La scelta dell’archetipo per la costruzione del brand: breve storia
Solo in anni recenti il cosiddetto Branding Archetipico è stato sdoganato presso i cultori del marketing tradizionale. A determinare l’apertura, un contributo determinante è arrivato da Philip Kotler in persona che, diversi anni fa fa aveva dato alle stampe: “Marketing 3.0, dal prodotto al cliente all’anima”, seguito poi da “Marketing 4.0”, con una parte dedicata proprio agli archetipi e al customer journey, anche in ottica B2B (nel caso di Kotler gli archetipi erano 4+1 ed erano definiti come "archetipi di settore"). In realtà molto si stava muovendo, sin dagli anni Settanta e Ottanta, basti citare il lavoro di Carol Pearson che, dopo aver analizzato il “viaggio dell’eroe” nella crescita individuale, lo fa in chiave di costruzione del brand con “The hero and the outlaw: building extraordinary brands through the power of archetypes” (2001).

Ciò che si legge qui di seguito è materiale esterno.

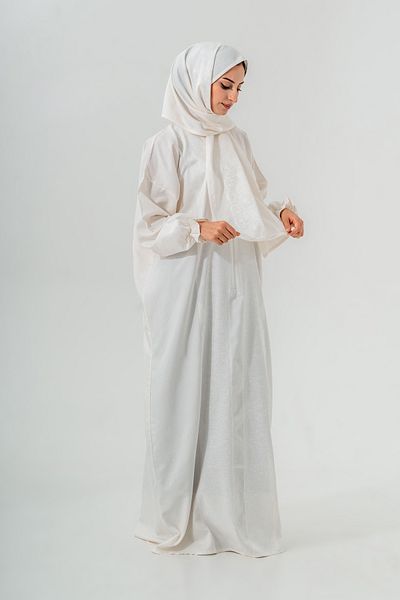 tulteks Luxury Cold Viscose Prayer Dress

Sempre del 2001 "Emotional Branding: the new paradigm for connecting brands to people" di Marc Gobé.
Su cosa si basa la costruzione archetipica dei brand? Sul fatto che ci sono narrazioni universali, che possiamo classificare in base agli archetipi junghiani, che sono tipicamente umane e “risuonano” in tutte le persone.
Gli archetipi - per darne una definizione utile e comprensibile anche a chi non si occupa di psicologia - sono modelli profondi, connaturati alla psiche umana, che rimangono validi, con il loro potere, per tutta la vita. Ci sono molti, moltissimi archetipi ma è possibile ridurre a una dozzina il numero di quelli che hanno la maggiore influenza sulle persone.